Heute läuft es bedeutend besser. Die Erfahrungen von gestern helfen weiter und ich bin bereits merklich sicherer geworden. Alle 30 min. soll man die Plätze wechseln, um die Anwohner/Anlieger nicht zu arg zu nerven. Dadurch bin ich anscheinend anderen Strassenkünstlern aufgefallen und sie sprechen mich immer mal wieder wohlwollend an. Irgendwie nehmen sie mich fürsorglich in ihre Familie auf. Die einen geben mir Tipps, andere wollen mit mir musizieren, wiederum andere bieten mir Wasser, aus ihren jahrealten, ausgelutschten Petflaschen, an. Ich muss sehr durstig aussehen, denn sie können nicht verstehen, dass ich nichts trinken will. Dennoch fühle ich mich, auf eine unerklärliche Weise mit ihnen verbunden und auch etwas getragen.
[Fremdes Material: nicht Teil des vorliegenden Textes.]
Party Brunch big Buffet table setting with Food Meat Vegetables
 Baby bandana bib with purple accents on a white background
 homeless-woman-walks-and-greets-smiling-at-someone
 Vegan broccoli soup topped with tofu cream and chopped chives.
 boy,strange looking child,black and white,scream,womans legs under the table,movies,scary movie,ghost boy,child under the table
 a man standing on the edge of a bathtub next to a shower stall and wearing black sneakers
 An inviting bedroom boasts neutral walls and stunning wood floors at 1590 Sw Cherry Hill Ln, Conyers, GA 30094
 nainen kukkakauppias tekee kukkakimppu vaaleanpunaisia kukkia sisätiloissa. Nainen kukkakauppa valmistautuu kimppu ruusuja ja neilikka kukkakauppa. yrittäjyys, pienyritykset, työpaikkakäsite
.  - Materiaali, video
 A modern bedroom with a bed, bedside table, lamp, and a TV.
Ich ziehe weiter um wieder zu spielen. Neue Erfahrungen gesellen sich dazu. Mittlerweile haben beide Stimmgeräte wegen der Kälte den Geist aufgegeben. Die Saitenlage der Gitarre ist irgendwie anders und die Finger werden immer steifer. Ich spiele bis 17:00 fleissig weiter. Allerdings wird es mit zunehmender Kälte, auch zunehmend schwieriger Zuhörer zu finden. So entschliesse ich mich, zurück ins Hotel zu gehen und Bilanz zu ziehen.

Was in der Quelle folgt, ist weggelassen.